# Transferring locally uniformly convex norm by bounded linear operator from one Banach space to another

I'm trying to find a simple proof this theorem

Let $Y$ be a locally uniformly convex Banach space and $X$ be a Banach space and let $T$ be a bunded linear operator from $X$ into $Y$ such that for every bounded sequence $(x_n)_{n=1}^{\infty}$ in $X$ with $\|Tx_n-Tx\|\to 0$ we have that $$x\in \overline {span (x_n)_{n=1}^{\infty}}^{\|.\|}$$ (in particular, whenever $x\in \overline {conv (x_n)_{n=1}^{\infty}}^{\|.\|}$ , or weak-$\lim x_n=x$). Then $X$ is locally uniformly convex renormable.
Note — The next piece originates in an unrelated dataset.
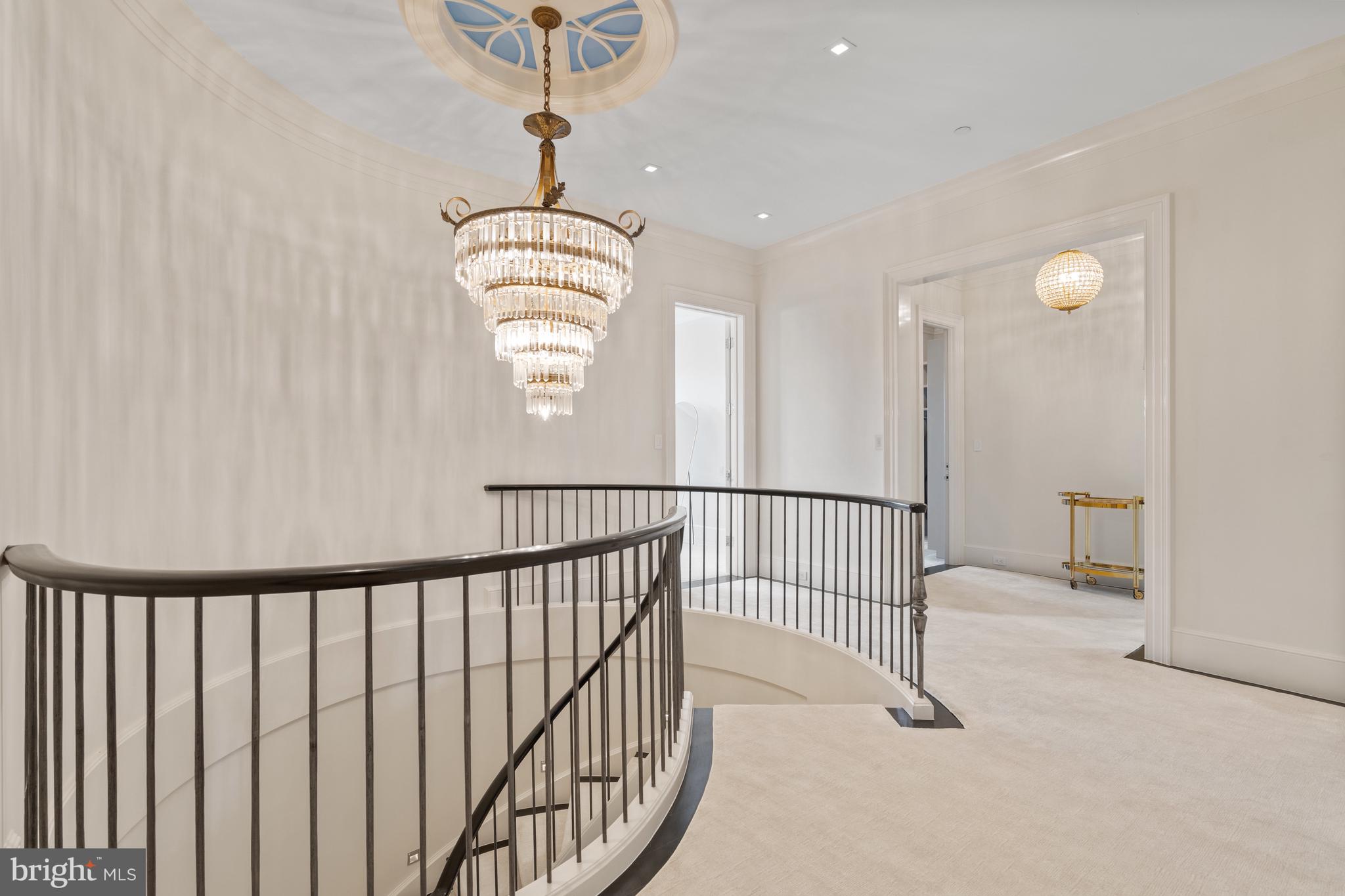 PHILLIPS PARK - Residential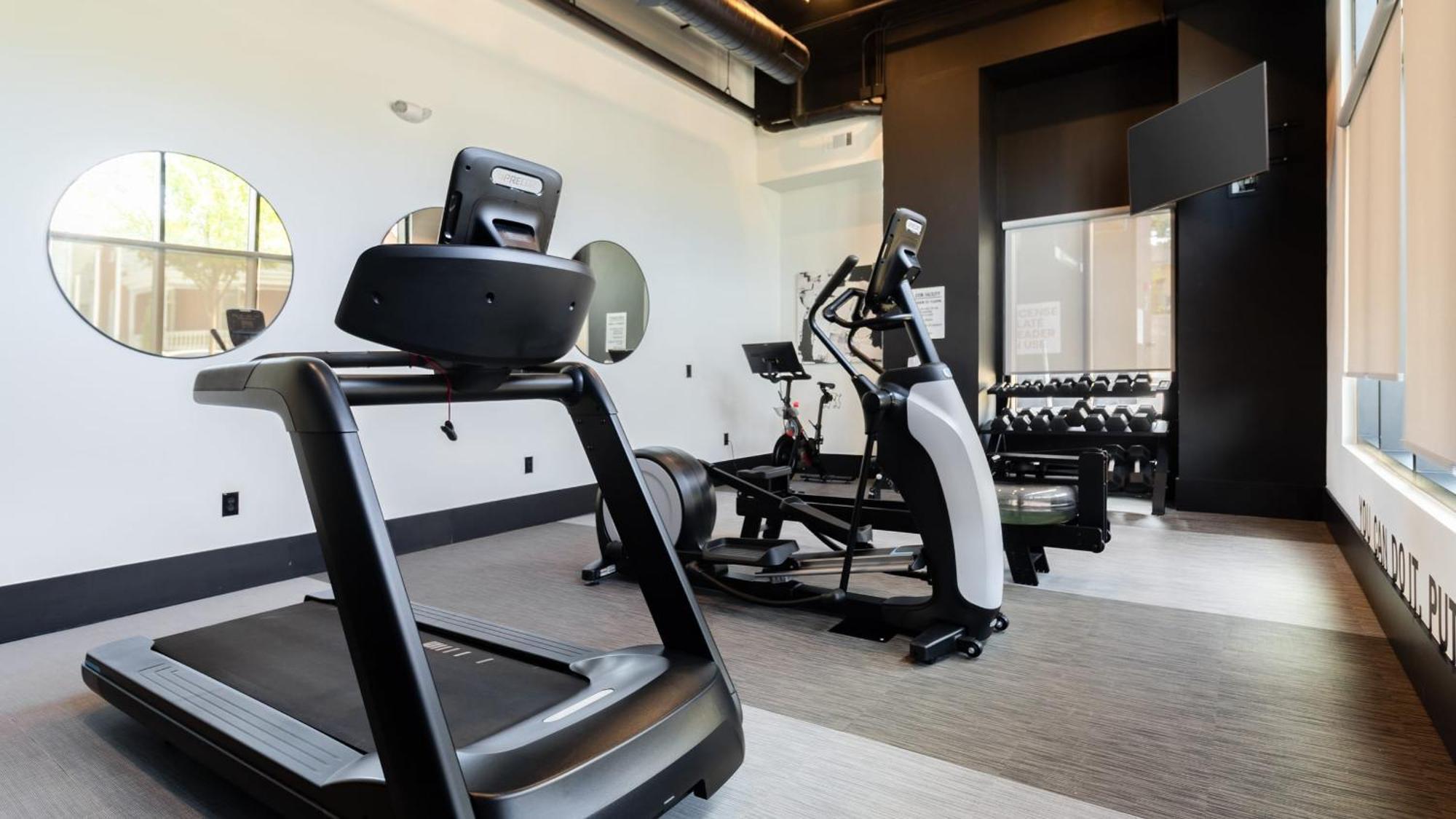 Downtown 2br Balcony Parking Near Broadway Nashville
I think we need to use an equivalent norm as follow $$|x|=\|x\|+\|Tx\| \ \ \ \text{for all }x\in X$$ Is it correct? Any help will be appreciated! Thanks.

## 1 Answer

Transfer techniques is presented in Section 2 of Chapter II and in Section 2 of Chapter VII of the book Deville-Godefroy-Zizler, Smoothness and renormings in Banach spaces. Possibly some of this techniques can be adjusted to cases you are interested in.